-
Hi !
I've "played" keyboard for quite thirty years but I've never been really into it except this last decade.
I used to play figured bass during my years of studies, I wasn't technically good at all.
But these last decades, piano is the instrument I play the most, comping songs, sometimes I play one or two standards.
Last year someone wanted a cheap piano and I sold him my digital piano that gave me headaches.
So I bought something else, something else.
I think it's a good instrument if you plug it into an amp.
It's a Studiologic Numa Compact X SE, I wanted serious organ sounds and decent piano sounds.
Has someone ever played it ?
-
05-13-2026 04:14 PM
-
No. But I was in the market for a new digital after spending 20 years on my Yamaha S90ES, which had some great organs on it. I desired something more modern with great piano sounds too, so ended up buying a Yamaha Montage M8X. 88 keys with the finest keybed of any digital ever built. Just like a real piano.
-
Yes, great instruments, for the price if they don't sound good... That's obvious they are good !
Originally Posted by 2bornot2bop
I'm used to playing on very good keyboard, even if they organ sounds are good it's not so funny to play them with weighted keys, the playing is just limited or frustrating, that doesn't react the way it should.

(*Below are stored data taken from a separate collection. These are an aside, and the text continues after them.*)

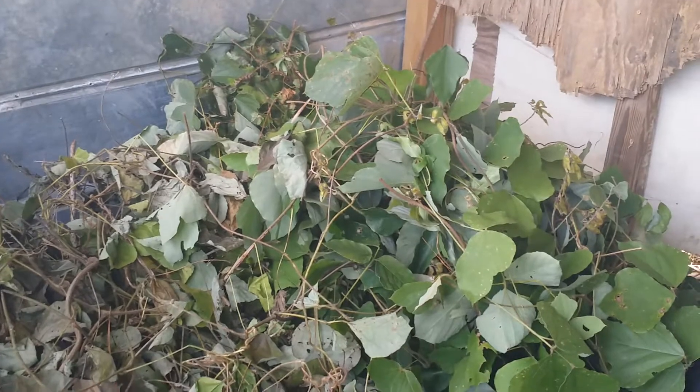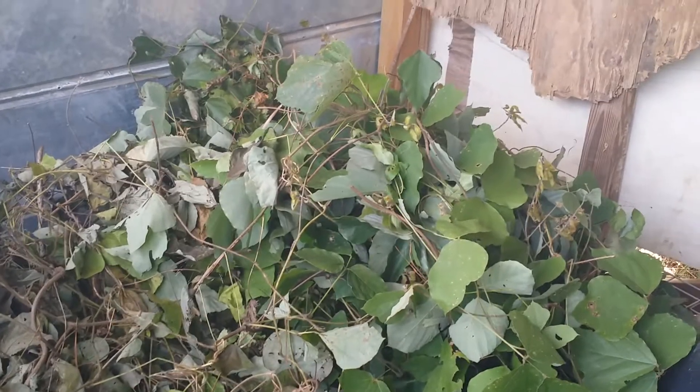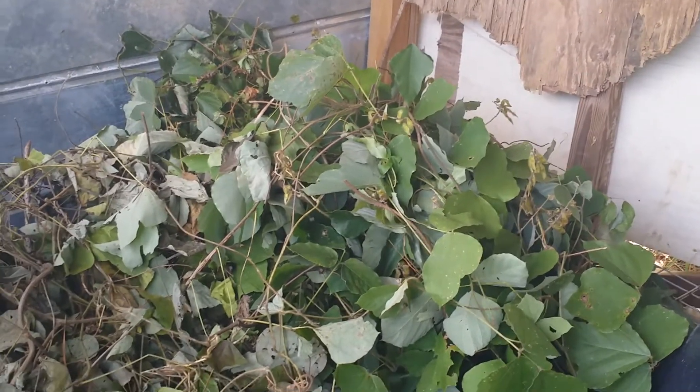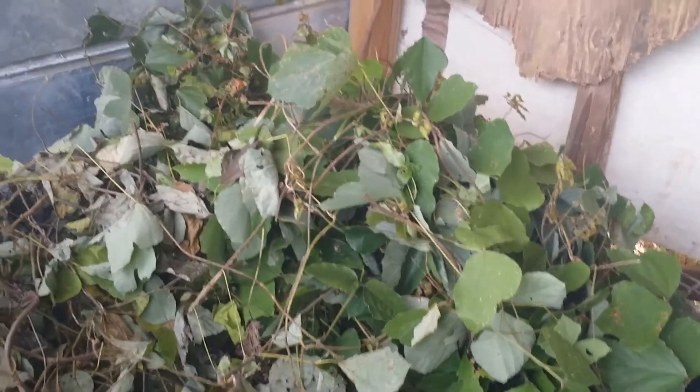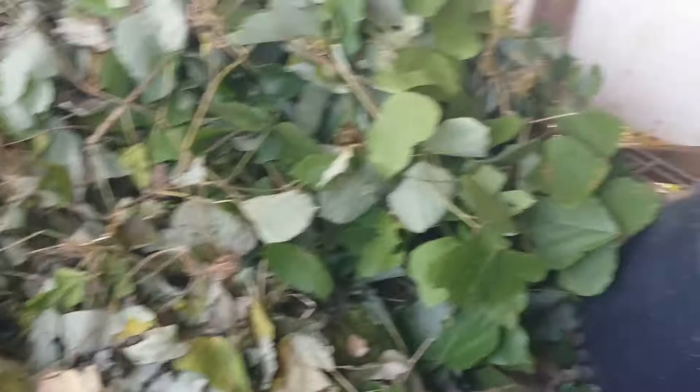It's a very high protein source and they really enjoy the leaves. This is set up — we've got some metal grates here, and we've got them sitting on top of bricks.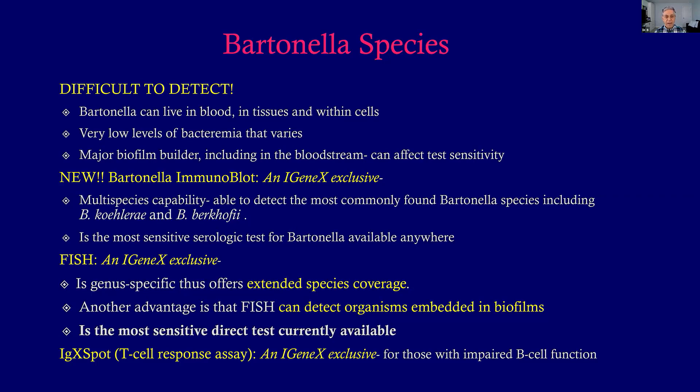The Bartonella FISH test is really important — it's genus-specific, giving extended species coverage; a positive means you have Bartonella, full stop. The huge advantage is the biofilm issue: FISH is the only test that can detect organisms embedded in biofilms, researched back in the mid-1990s. Because Bartonella is such a major biofilm builder, it makes the FISH the most sensitive direct test currently available. Finally, for patients with limited B-cell function, you can do a T-cell response assay — iGenix calls it an IGX spot, exclusive to iGenix — which detects immune reaction by T-cells to Bartonella.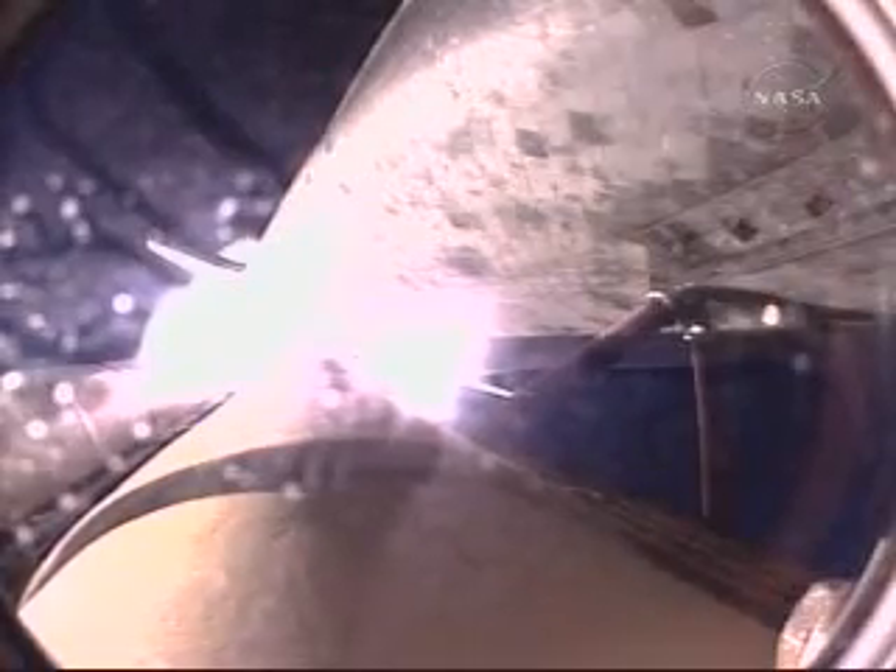At liftoff, the fully fueled shuttle boosters and external tank weighed 4 and a half million pounds. The total thrust at launch was 6,425,000 pounds. All systems continue to function well — three good main engines, three good power-generating fuel cells, and three good auxiliary power units for the hydraulic system.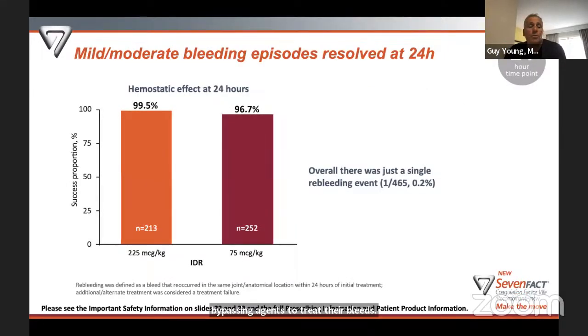At 24 hours, the higher IDR (225 mcg/kg) showed 99.5% of bleeds resolved, and the lower IDR showed 96.7% — essentially nearly all bleeds resolved in all patients regardless of regimen. By 24 hours, the difference is not particularly meaningful. Importantly, out of 465 bleeds, only one re-bled — meaning the same joint bled again within 72 hours. Re-bleeding is common in inhibitor patients, so this very low re-bleed rate of essentially one in 465 is a significant finding.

The keyboard I'm talking about is very light, the keys are between the two worlds, you really can play the organ on.
You can bring it everywhere you want and for the price, it's good for those who don't know what to play, a piano or an organ.
It's clearly not a Hammond clone but it's better than many keyboards I tried.
It offers what many manufacturers don't, except Nord.
Nord is maybe one of the best keyboard manufacturers nowadays but they are too expensive.
-
...or how to play it. You can't get realistic acoustic piano sound or feel without fully weighted action. But weighted, progressive action gets in the way of a realistic B3 experience. Organ keys and piano keys respond to touch very differently, and the way they work is integral to the sounds of the instruments. B3 keys have multiple actions, and the notes do not get louder if you strike the keys harder. They're even shaped differently - the free ends are rounded so you can sweep across them with your palm for a classic jazz organ sound. Piano keys have relatively sharp overhangs. You can't do the palm sweep as smoothly on a weighted keyboard with piano style keys.
Originally Posted by Lionelsax
Piano keys have only one action and notes get louder with increasing strike force. Organ notes have a rapid rise time and remain equally loud as long as the key is pressed. Piano keys have a less steep rise that changes in response to strike force. Even with the sustain pedal depressed, the notes decay. These and many other mechanical factors shape the way pianos and organs sound.
The same barriers exist for any synthesized or sampled instrument played on another platform. For example, saxophone phrasing, articulation, note separation, definition, envelope, etc are all difficult to mimic from a keyboard, guitar, or other controller because the interplay of breath, reed, mouthpiece, embouchure, resonant tube, and keys is so different from striking a key, plucking a string, blowing into an electronic transducer etc.
If you know how to play the instrument to be mimed, you can overcome many of these limitations. But the basic roadblocks remain. So-called semiweighted keyboard action is always a compromise that's audible in both piano and organ simulations. If you understand the many differences, you can overcome some of them and ameliorate others. But semiweighted keys are jacks of all playing and masters of none.
-
That's the point, you can modulate your system by adding another keyboard, using it only or not like an interface.
Originally Posted by nevershouldhavesoldit
For people who play like me nothing and everything, like you said. It's a good compromise.
Since I plugged it into my QSC CP8 I've been really into organ sounds, that's something. Other sounds are good like electric pianos even acoustic ones only if you mix them a little bit with an electric.
That's not Yamaha sounds at all for acoustic pianos.